A version of this post appeared yesterday at Credit Writedowns.
I am running a poll on whether Greece will default. Please click here to vote. And feel free to comment on why you voted as you did.
German Chancellor Angela Merkel is feeling pressure to force German banks to take a haircut on Greek debt by both her own party and opposition leaders (like Frank-Walter Steinmeier, the former Vice Chancellor and now head of the opposition in the Bundestag). This is the first public indication that German politicians recognize that a Greek default would negatively impact the capital base of German domestic institutions which hold large amounts of Greek sovereign debt.
So, now the rhetoric is shifting away from one purely of austerity for Greece in return for (the now larger) aid to one in which Greece undergoes a voluntary restructuring.
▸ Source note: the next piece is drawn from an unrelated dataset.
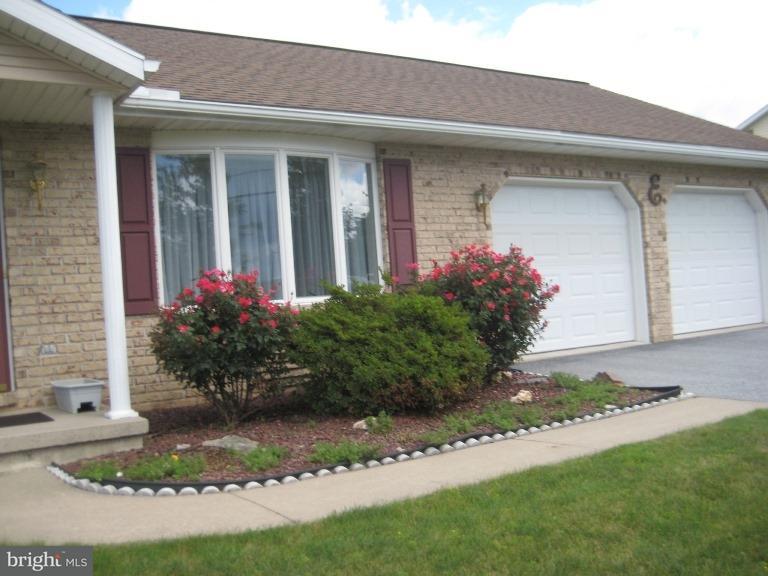1150 Birch Road Lebanon, PA 17042 - Photo 17 of 23 Gallery Image 17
Yves’ most recent post on this topic tells you that. On Friday, in a post based on Marshall’s BNN interview, I mentioned three scenarios for Greece at this juncture.
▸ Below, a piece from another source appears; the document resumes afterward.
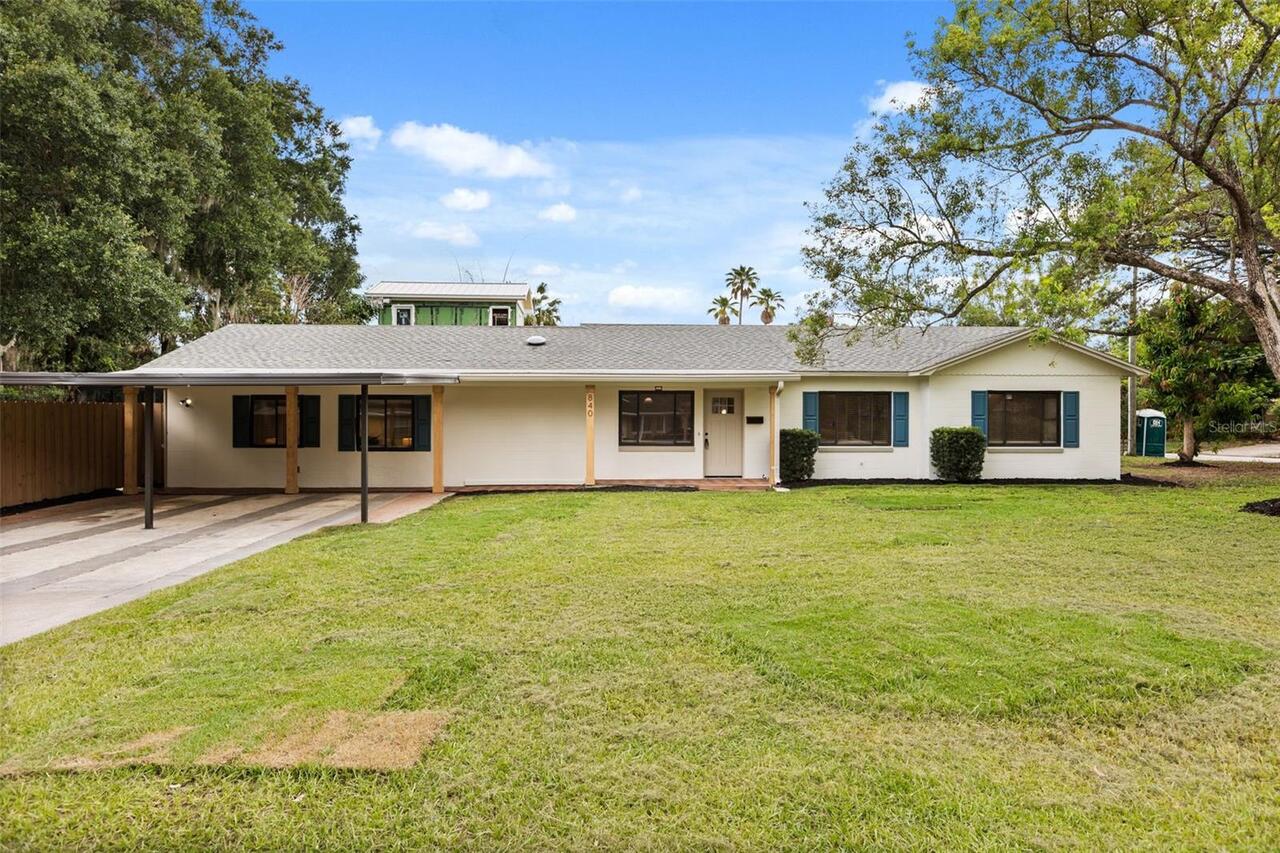 View Listing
- In scenario one, you eject Greece from the Eurozone, they devalue their currency and, after a turbulent period, they are on the road to recovery.
- Outcome number two is to depreciate the Euro, of course. The Euro is dropping as we speak. But, I am talking about a more serious decline. As I recall, the Euro dipped to as low as 83 cents during Robert Rubin’s strong dollar policy days. If the EU structures the bailout in the right way (fully backstops the period of increasing debt to to GDP) and floods each country with liquidity (aka prints money), you are sure to get this kind of outcome. Everyone gets a massive boost to competitiveness. Problem solved.
- Neither of these scenarios is particularly palatable as they are likely to increase already mounting trade friction. The other Edward mentions the only other viable alternative: a restructuring or default.
So, where there has been a lot of political posturing around scenario number one (or its analogue in Germany and a few core Europe countries leaving the euro), there has been little public discussion from policy makers about scenarios two and three. In the link in the last bullet above, Edward Hugh puts it in plain English.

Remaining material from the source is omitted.